00:00 - 00:00
2024-10-30
Source: https://www.cuhk.edu.cn/en/article/14640
Professor Jim Dai, Dean of the School of Data Science at The Chinese University of Hong Kong, Shenzhen (CUHK-Shenzhen), has been awarded the 2024 John von Neumann Theory Prize at the INFORMS Annual Meeting in Seattle, USA. The prize recognizes his fundamental and sustained contributions to stochastic systems theory, particularly his seminal work on stochastic network stability and heavy traffic diffusion approximations.
The John von Neumann Theory Prize, the highest honour in operations research and management science, celebrates scholars who have made foundational and sustained contributions to the field.
Professor Jim Dai (centre) with INFORMS President Julie Swann (left) and INFORMS Executive Director Elena Gerstmann (right) at the award ceremony
At the award ceremony, Professor Julie Swann, the 2024 INFORMS President, and Professor John Tsitsiklis, Prize Committee Chair, highlighted Professor Dai’s distinctive approach: “His work is motivated by models that arise in manufacturing and networking, which he connects to paradigmatic mathematical problems. His work is distinguished by intellectual taste, mathematical depth, and profound originality. Additionally, he has been a leading educator and mentor with a very strong record of service to the profession”.

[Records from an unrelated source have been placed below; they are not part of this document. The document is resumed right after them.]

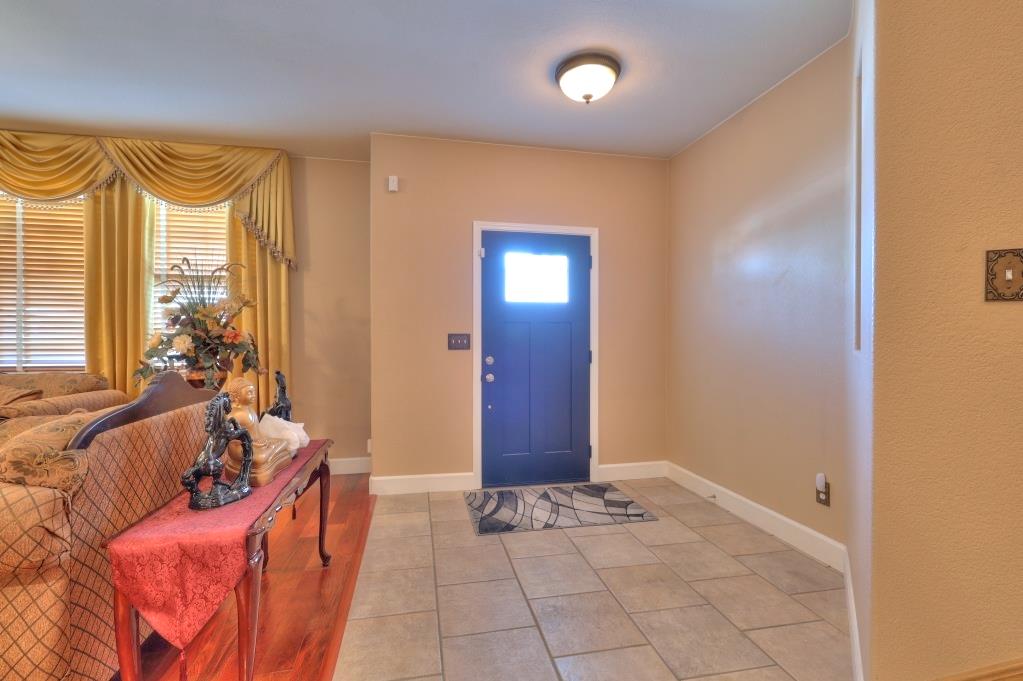 1528 Rose Garden Ct, Modesto, CA 95356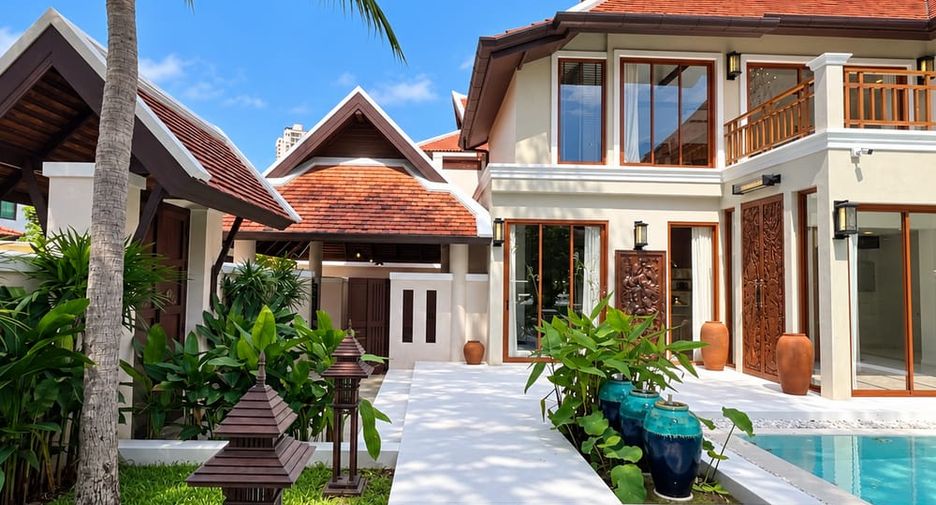 Villa en venta de 5 habitaciones en Bang Lamung, Chonburi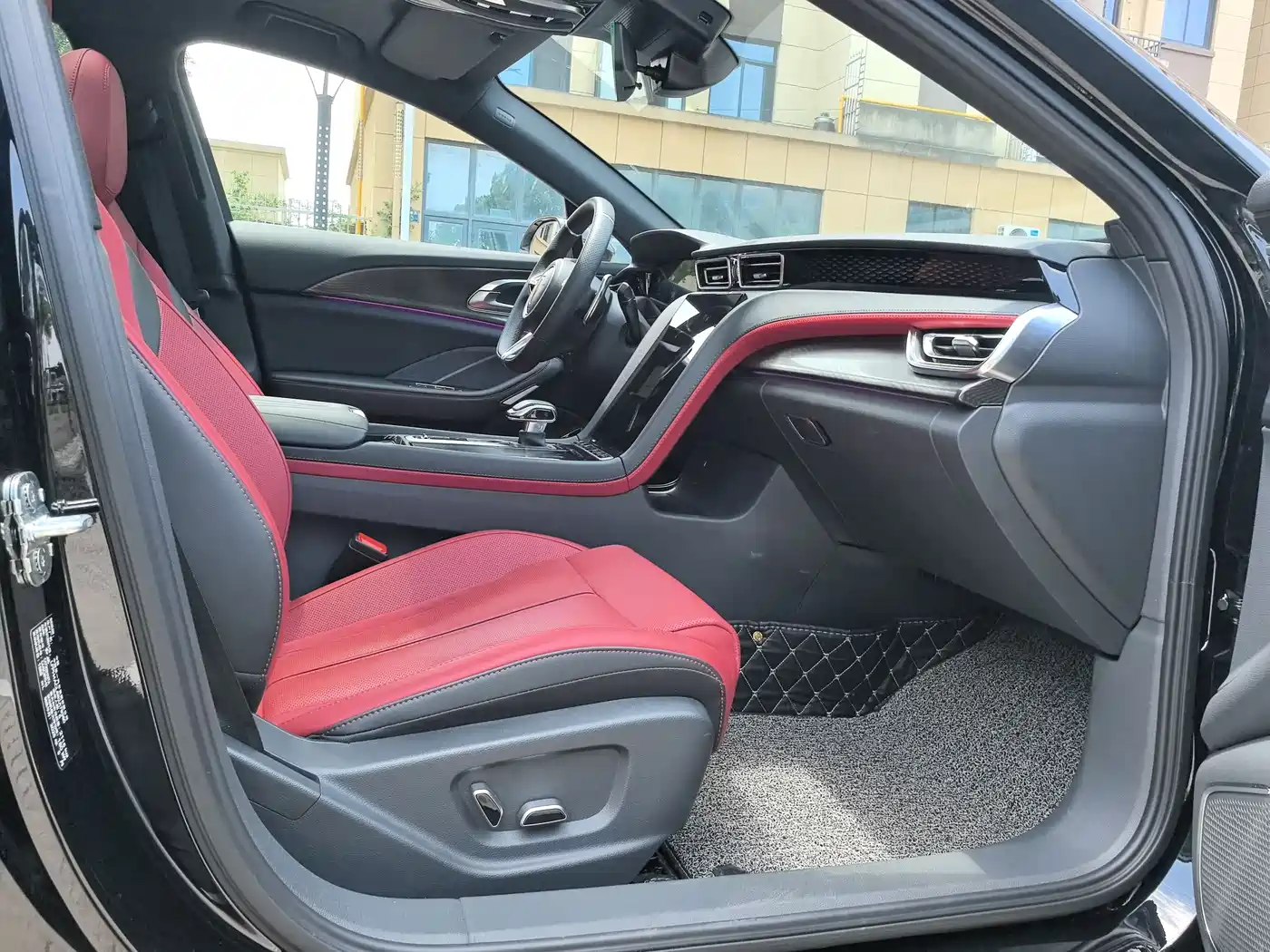 Hongqi H6 2025 Model 2.0T Fashion Edition фото 8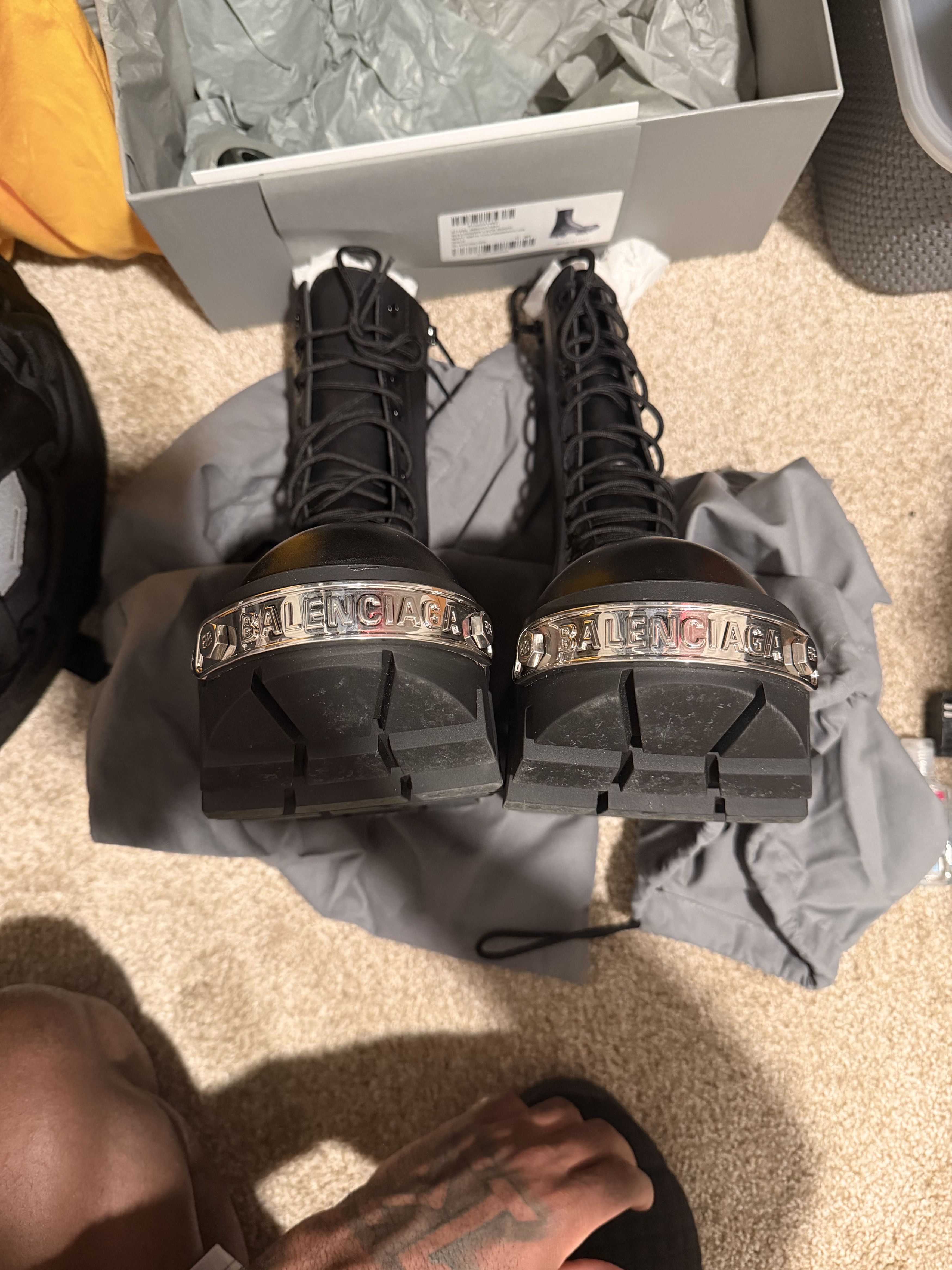 Balenciaga Balenciaga Bulldozers Size US 7 / EU 40 - 7 Thumbnail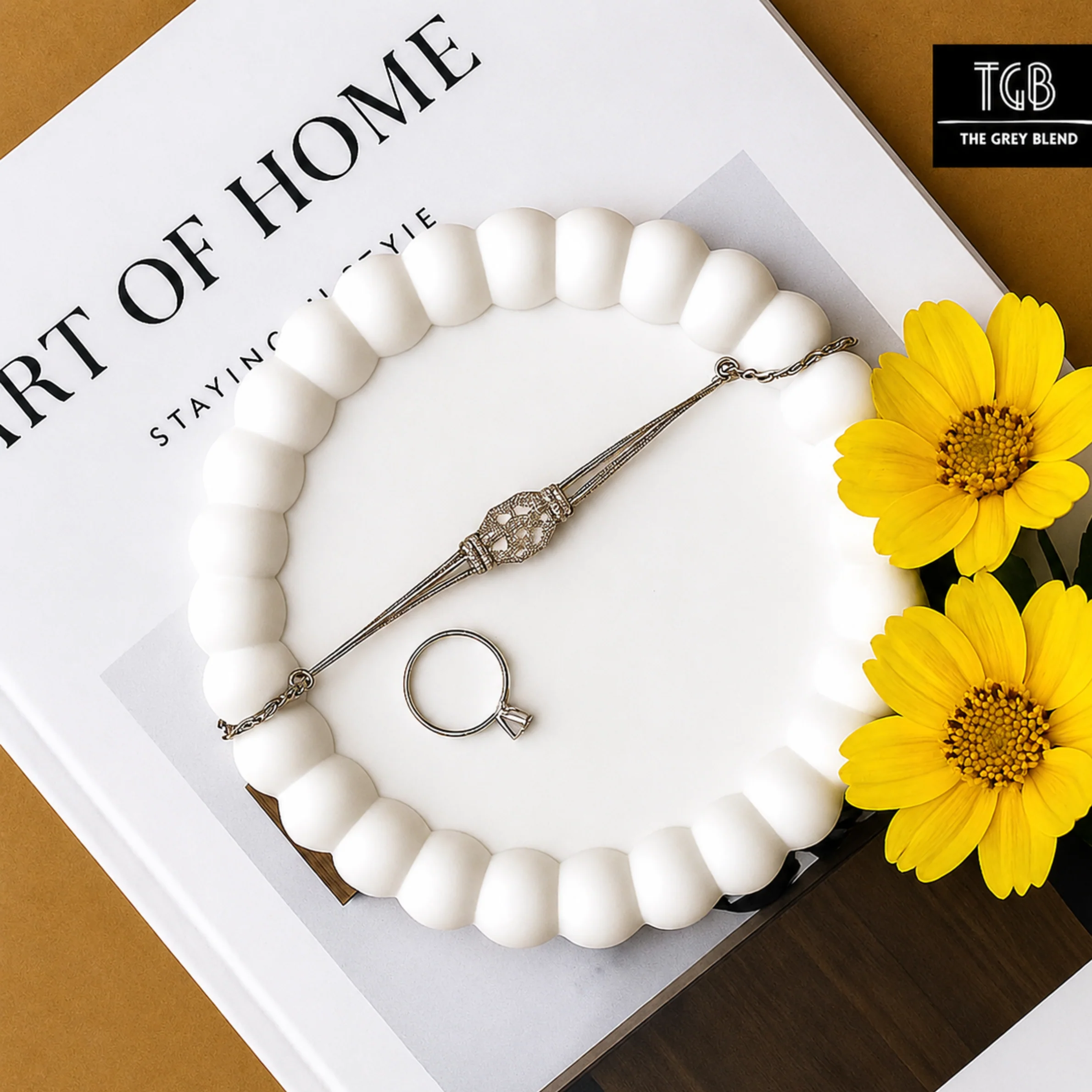 Aesthetic White Beaded Catchall Tray for Accessories - Image 2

Professor Dai’s award particularly recognizes his seminal 1995 paper, “On positive Harris recurrence of multiclass queueing networks: A unified approach via fluid limit models”. This groundbreaking work established a pioneering connection between fluid model stability and the positive recurrence of general state-space Markov processes, such as those describing queueing networks. In this pivotal contribution, he demonstrated that under very general conditions, the stability of a deterministic fluid model implies the stability of the stochastic process model. This approach has since become a cornerstone in the field of stochastic networks and has laid the foundation for numerous subsequent developments by both Dai and others.
Beyond fluid analysis, Professor Dai has made substantial contributions to the broader field of stochastic networks. His achievements include developing heavy traffic diffusion approximations for multiclass service stations with Markovian feedback, producing a notable counterexample about the (non)existence of diffusion approximations (in collaboration with Wang), and introducing new methodologies for obtaining quantitative bounds for diffusion approximations based on Stein's method. He has also advanced the scope and asymptotic optimality of max-weight scheduling, among other significant contributions to the field.
Professor Jim Dai
Professor Jim Dai currently holds dual appointments as the Leon C. Welch Professor of Engineering at Cornell University’s School of Operations Research and Information Engineering, and Dean of the School of Data Science at The Chinese University of Hong Kong, Shenzhen. Prior to joining Cornell in 2012, he served at Georgia Institute of Technology from 1990, where he was appointed Edenfield Professor in 2007. His distinguished career includes positions as Special Term Professor at Tsinghua University’s School of Economics and Management (2002-2018) and James Riley Distinguished Visiting Professor at the National University of Singapore (2009-2011).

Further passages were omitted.